### Task item
Please output exactly the part of the records below that opens with the line containing "Eras Tour Red" and closes with the line containing "Ciudad Jardín vive su fiesta de la espuma", both lines included, and nothing else.

### Crawled caption data
┄┄┄┄┄┄┄┄┄┄

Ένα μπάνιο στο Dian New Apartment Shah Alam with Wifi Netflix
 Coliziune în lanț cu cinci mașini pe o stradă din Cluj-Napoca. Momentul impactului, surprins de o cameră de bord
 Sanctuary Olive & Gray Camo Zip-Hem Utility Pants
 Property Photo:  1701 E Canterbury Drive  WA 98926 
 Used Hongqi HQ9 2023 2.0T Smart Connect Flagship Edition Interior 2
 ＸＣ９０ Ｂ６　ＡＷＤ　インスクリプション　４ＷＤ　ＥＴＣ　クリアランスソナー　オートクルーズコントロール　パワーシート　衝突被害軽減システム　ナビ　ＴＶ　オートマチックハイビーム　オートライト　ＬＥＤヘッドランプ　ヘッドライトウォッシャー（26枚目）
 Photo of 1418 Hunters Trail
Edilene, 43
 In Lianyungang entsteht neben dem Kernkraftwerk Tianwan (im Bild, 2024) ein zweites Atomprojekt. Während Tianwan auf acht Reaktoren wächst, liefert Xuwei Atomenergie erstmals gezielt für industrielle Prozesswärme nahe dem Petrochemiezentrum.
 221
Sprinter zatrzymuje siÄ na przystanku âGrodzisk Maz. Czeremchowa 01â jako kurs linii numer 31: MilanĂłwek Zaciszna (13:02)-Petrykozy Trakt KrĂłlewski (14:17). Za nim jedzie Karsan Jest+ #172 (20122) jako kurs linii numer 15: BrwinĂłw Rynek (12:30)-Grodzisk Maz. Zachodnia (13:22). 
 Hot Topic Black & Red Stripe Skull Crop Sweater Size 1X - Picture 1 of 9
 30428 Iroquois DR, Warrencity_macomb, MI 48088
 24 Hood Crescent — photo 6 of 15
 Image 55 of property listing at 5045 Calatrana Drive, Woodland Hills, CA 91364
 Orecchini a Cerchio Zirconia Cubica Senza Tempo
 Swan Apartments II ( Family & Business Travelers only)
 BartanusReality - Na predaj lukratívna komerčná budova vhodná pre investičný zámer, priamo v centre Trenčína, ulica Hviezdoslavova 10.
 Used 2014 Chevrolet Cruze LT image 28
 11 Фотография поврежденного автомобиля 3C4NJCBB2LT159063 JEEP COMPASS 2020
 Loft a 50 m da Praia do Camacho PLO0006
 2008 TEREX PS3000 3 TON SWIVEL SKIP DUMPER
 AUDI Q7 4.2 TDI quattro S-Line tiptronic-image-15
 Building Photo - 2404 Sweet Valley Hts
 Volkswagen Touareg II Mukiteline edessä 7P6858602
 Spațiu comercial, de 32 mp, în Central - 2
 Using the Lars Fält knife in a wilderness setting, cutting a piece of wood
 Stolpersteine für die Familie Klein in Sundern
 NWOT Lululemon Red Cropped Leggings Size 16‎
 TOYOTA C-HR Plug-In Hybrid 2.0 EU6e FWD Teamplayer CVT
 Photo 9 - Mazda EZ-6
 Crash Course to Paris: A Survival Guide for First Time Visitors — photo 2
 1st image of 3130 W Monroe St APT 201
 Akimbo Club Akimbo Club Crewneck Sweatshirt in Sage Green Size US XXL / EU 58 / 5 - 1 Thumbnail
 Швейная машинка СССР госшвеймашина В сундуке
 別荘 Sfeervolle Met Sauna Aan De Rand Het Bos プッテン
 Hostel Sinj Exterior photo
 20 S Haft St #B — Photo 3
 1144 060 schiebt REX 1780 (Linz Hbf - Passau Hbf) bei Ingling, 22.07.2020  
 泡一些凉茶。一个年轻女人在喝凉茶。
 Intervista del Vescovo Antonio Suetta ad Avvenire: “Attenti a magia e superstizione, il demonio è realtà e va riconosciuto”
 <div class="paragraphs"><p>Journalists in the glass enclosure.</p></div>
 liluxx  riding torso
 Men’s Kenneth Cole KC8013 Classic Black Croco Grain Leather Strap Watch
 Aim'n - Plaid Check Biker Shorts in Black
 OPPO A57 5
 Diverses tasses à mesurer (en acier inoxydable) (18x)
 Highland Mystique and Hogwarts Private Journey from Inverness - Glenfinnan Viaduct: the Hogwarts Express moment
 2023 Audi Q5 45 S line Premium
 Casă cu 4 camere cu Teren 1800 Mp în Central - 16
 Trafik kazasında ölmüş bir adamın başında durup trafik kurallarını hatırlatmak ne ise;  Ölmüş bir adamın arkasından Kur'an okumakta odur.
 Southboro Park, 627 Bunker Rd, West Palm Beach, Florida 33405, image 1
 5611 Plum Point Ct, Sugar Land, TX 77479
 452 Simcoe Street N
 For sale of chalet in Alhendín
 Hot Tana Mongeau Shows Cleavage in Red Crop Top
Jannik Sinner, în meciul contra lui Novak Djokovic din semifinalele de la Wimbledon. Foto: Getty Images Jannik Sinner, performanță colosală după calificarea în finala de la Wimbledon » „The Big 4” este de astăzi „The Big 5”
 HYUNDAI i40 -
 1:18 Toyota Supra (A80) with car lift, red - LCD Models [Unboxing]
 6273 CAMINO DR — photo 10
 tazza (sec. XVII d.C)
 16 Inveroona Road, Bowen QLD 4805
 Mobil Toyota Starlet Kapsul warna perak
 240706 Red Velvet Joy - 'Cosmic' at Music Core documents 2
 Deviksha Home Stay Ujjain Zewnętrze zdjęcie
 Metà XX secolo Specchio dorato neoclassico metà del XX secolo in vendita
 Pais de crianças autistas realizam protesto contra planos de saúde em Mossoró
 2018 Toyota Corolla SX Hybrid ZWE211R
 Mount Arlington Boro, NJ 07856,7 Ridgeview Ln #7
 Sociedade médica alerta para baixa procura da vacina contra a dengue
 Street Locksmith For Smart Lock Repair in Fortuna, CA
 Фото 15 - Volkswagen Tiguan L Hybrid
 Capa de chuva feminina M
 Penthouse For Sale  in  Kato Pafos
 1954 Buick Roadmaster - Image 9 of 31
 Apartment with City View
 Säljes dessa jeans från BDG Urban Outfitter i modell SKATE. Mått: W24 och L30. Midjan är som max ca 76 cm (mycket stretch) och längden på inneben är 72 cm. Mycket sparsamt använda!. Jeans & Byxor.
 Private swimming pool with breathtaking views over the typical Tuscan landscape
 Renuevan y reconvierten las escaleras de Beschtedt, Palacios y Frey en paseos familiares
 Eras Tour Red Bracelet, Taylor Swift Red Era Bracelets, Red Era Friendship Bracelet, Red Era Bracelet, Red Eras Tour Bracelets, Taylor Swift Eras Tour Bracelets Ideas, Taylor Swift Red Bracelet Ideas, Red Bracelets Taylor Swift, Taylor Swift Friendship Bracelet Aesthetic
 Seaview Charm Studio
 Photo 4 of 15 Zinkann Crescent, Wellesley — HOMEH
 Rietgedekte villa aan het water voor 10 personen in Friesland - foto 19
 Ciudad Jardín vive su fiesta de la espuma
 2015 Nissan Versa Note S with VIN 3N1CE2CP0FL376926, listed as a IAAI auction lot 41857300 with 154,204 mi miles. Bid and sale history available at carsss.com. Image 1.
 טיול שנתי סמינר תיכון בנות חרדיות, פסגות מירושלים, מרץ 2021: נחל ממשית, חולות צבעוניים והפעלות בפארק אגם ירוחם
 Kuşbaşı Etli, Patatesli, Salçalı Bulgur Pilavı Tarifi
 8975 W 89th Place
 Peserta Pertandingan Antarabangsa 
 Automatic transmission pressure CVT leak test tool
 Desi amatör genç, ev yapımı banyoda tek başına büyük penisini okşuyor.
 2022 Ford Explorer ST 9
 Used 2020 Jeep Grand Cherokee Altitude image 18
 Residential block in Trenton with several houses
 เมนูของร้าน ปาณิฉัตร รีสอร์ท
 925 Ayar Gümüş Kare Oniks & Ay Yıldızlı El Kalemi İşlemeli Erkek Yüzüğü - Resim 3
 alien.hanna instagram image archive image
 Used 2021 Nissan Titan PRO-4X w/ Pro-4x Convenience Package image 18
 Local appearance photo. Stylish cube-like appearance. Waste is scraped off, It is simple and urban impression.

┄┄┄┄┄┄┄┄┄┄

### Output of the task
 Eras Tour Red Bracelet, Taylor Swift Red Era Bracelets, Red Era Friendship Bracelet, Red Era Bracelet, Red Eras Tour Bracelets, Taylor Swift Eras Tour Bracelets Ideas, Taylor Swift Red Bracelet Ideas, Red Bracelets Taylor Swift, Taylor Swift Friendship Bracelet Aesthetic
 Seaview Charm Studio
 Photo 4 of 15 Zinkann Crescent, Wellesley — HOMEH
 Rietgedekte villa aan het water voor 10 personen in Friesland - foto 19
 Ciudad Jardín vive su fiesta de la espuma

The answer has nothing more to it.